Fransa’da ortaya çıkan milliyetçilik fikirleri, dönemin bütün imparatorlukları gibi Osmanlı Devleti’ni de etkilemiştir.
Osmanlı Devleti’nin etnik olarak çeşitliliği en fazla olan Balkanlar coğrafyasında başlayan Batı ve Slav eksenli Rus destekli ayrılıkçı hareketler sürecinde “Millet-i Sadıka” olarak nitelenen Ermeni nüfusu içerisindeki ayrılıkçı fikirlere sahip kesimler elbette ki vardı ve bunların kışkırtılması elbette ki unutulmamıştır.
Çarlık Rusyası’nın I. Petro’dan itibaren devlet politikası olarak belirlenen sıcak denizlere inme hedefleri doğrultusunda kullanılmak üzere Kafkaslar coğrafyasında tampon bir devlet kurdurulması için Gregoryan Eçmiyazin Ermeni Patrikliği merkez kabul edilerek uydu bir Ermenistan kurulması kabul edilmiştir.

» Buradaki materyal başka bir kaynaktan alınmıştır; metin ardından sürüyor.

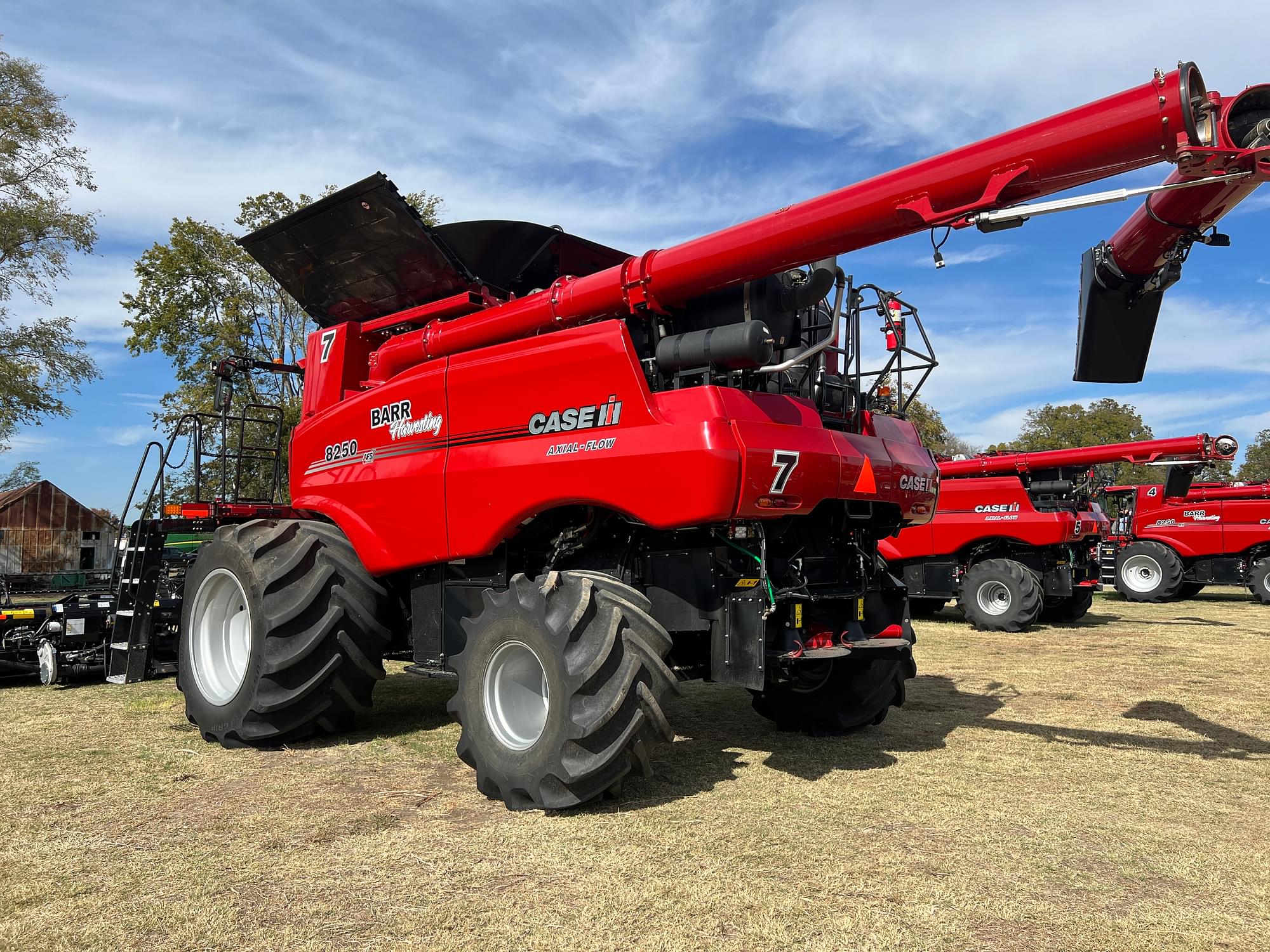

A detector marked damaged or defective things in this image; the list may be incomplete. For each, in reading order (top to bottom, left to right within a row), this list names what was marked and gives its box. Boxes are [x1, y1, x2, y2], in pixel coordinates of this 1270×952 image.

rusty metal barn [0, 485, 119, 574]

Rusya’nın bir devlet olarak tarih sahnesine çıktığı toprakların kadim Türk yurdu olmasına bağlı olarak bu toprakların kadim Türk nüfusunu kendisine bir tehdit görmesi nedeniyle belirlediği algı siyasetinin zamanla etnik temizlik ve sistemli bir soykırıma dönüşerek devam ettiği görülmektedir.
Özellikle 18. Yüzyıldan itibaren Azerbaycan ve Ahıska Türkleri, Karatay, Balkar, Tatar, Karaçay, Çeçen, Avar, Nogay Türkleri başta olmak üzere mukim diğer Müslüman nüfusa karşı zulüm siyasetinin devamı 1988-1994 yıllarında Ermenilerin, Azerbaycan toprağı Karabağ’ı işgal döneminde de Ermenilerle birlikte fiilen uygulanmıştır.
***
İkinci Dünya Savaşı’nın son günlerinde Amerika Birleşik Devletleri, İngiltere ve Sovyet Rusya tarafından Yalta Konferansı ile belirlenen İki Kutuplu Dünya Sistemi’nin doğu bloğu Varşova Paktı’nın misyonunu tamamlaması ile Sovyet Rusya’nın dağılma sürecinde Ermenistan 23 Eylül 1991’de Azerbaycan 18 Ekim 1991’de bağımsızlığını ilan etmiştir.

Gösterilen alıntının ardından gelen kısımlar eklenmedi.